The stained glass windows of CPC's auditorium.

Pastoral Letter 18th July 2021

牧聲 二零二一年七月十八日
Rev. Andrew Choy

In my last pastoral letter, I pointed out the fallacy of benchmarking our self-worth and identity against our achievements.  The truth is, one day, we will all grow old, with the imminent possibility of losing our job or our mobility.  Therefore, relying on “my achievements” to answer the question “Who am I?” will certainly throw us into a deep abyss.

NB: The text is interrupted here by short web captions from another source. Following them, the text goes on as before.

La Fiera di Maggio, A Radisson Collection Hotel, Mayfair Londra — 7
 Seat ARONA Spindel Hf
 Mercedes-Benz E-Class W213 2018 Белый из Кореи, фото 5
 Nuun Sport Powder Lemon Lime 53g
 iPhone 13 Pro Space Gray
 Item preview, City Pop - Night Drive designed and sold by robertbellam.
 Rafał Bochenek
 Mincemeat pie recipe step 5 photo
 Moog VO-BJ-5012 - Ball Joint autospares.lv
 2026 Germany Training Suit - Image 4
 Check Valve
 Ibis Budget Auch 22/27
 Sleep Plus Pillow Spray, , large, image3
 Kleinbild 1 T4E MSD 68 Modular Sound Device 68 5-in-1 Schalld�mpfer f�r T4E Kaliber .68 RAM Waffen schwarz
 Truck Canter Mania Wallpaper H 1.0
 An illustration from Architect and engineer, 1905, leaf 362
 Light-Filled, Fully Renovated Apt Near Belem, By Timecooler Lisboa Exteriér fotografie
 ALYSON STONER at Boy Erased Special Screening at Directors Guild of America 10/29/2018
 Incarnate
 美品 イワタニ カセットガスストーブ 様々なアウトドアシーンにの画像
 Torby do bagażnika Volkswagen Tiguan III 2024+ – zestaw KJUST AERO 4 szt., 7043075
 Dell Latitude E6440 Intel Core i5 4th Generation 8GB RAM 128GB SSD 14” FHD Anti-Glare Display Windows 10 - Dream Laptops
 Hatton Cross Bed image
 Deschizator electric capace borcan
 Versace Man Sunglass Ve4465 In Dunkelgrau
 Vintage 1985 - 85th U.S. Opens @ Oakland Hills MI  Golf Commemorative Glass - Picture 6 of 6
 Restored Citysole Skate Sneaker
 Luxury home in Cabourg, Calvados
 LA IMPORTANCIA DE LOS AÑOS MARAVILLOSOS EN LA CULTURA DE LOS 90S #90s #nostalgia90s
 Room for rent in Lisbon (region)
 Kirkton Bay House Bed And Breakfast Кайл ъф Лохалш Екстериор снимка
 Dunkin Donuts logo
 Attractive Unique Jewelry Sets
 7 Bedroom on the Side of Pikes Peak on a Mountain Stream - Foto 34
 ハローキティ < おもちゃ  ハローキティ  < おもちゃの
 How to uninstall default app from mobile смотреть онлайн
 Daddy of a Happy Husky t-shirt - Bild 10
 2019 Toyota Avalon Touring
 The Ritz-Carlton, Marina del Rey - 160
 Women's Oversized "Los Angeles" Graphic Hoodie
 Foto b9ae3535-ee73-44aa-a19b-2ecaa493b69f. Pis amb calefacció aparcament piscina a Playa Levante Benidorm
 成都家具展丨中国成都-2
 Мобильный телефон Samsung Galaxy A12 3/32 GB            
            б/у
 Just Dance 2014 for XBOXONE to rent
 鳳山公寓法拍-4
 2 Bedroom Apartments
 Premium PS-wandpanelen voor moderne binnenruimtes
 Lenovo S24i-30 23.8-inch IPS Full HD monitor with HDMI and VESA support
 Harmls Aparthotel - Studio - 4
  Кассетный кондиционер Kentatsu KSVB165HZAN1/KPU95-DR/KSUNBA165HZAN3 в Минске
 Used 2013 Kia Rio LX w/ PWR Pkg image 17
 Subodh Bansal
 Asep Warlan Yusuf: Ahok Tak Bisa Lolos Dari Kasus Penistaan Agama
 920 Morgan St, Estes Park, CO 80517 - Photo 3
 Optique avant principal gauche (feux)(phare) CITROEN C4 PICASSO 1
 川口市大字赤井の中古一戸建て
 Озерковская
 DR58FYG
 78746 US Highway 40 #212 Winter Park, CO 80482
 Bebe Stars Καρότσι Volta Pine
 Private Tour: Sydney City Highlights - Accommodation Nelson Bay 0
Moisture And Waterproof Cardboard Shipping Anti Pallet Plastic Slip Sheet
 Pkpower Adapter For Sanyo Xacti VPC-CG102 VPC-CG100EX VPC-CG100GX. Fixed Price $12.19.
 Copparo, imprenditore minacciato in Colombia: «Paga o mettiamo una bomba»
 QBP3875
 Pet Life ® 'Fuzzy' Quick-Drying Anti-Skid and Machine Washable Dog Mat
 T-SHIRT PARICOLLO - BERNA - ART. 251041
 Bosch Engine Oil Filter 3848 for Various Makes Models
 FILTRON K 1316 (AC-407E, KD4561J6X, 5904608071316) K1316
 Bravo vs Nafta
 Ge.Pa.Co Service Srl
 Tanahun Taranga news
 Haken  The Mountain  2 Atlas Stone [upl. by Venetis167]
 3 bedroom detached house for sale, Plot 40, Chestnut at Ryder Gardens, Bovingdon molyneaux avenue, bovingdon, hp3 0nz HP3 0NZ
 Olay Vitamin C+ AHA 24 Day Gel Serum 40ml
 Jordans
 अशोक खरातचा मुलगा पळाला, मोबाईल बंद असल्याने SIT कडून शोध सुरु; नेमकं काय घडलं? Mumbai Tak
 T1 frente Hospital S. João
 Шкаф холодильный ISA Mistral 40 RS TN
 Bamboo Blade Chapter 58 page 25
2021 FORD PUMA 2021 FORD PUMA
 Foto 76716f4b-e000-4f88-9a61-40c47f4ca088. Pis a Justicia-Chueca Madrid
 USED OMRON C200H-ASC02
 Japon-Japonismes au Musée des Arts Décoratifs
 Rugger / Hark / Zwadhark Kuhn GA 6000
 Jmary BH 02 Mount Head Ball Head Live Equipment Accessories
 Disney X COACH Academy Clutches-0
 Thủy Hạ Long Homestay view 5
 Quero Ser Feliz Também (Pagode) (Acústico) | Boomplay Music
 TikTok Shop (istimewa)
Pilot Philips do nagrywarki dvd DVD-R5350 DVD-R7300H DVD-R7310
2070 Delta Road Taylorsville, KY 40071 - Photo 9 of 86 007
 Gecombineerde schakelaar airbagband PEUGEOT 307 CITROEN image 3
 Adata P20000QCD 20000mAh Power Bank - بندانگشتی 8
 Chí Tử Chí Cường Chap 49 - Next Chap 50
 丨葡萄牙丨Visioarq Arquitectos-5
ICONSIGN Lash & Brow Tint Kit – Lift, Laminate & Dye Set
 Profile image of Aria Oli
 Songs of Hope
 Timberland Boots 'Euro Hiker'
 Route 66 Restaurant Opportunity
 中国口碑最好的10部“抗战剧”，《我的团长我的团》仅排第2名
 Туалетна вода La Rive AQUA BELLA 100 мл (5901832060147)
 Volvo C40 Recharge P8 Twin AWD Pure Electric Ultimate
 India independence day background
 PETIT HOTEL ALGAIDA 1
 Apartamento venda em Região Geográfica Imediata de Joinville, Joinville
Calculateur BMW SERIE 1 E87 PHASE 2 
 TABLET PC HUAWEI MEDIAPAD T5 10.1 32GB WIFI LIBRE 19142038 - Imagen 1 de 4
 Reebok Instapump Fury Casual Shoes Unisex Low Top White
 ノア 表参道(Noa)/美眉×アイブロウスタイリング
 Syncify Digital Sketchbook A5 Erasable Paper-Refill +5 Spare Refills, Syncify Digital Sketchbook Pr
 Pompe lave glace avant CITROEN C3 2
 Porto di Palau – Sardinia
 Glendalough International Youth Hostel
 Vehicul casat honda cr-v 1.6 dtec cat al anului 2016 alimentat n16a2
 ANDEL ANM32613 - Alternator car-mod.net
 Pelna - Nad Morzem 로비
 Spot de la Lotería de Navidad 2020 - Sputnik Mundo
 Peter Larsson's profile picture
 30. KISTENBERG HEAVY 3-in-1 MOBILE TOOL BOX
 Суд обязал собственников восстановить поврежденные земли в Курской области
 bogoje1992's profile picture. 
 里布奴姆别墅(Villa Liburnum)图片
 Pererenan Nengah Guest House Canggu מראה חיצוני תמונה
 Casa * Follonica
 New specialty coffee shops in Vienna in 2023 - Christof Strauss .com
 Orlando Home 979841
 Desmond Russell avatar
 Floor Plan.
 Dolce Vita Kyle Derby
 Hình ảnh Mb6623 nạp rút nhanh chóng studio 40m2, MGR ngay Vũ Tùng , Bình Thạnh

Another possible response to the question “Who am I?” is “My reputation”.  In the eyes of others, who am I?  Am I someone who is able or incapable?  Am I a person who is friendly or unapproachable?  Am I one who is praised as a role model of a good husband (or a good wife), or am I considered as one who does not care for my family?  If our focus is on getting in people’s good books, then we are elated when we hear words of affirmation and praise.  Conversely, when others criticise or challenge us, or talk behind our backs, it would certainly make us feel distressed.  A renowned speaker once said that it takes one criticism in the sea of praises from his audience to leave him feeling devastated.  The reality is, given our sinful and imperfect nature (Ecclesiastes 7:20; Romans 3:10-12), we are bound to offend others; and we cannot make everybody love and accept us unconditionally.  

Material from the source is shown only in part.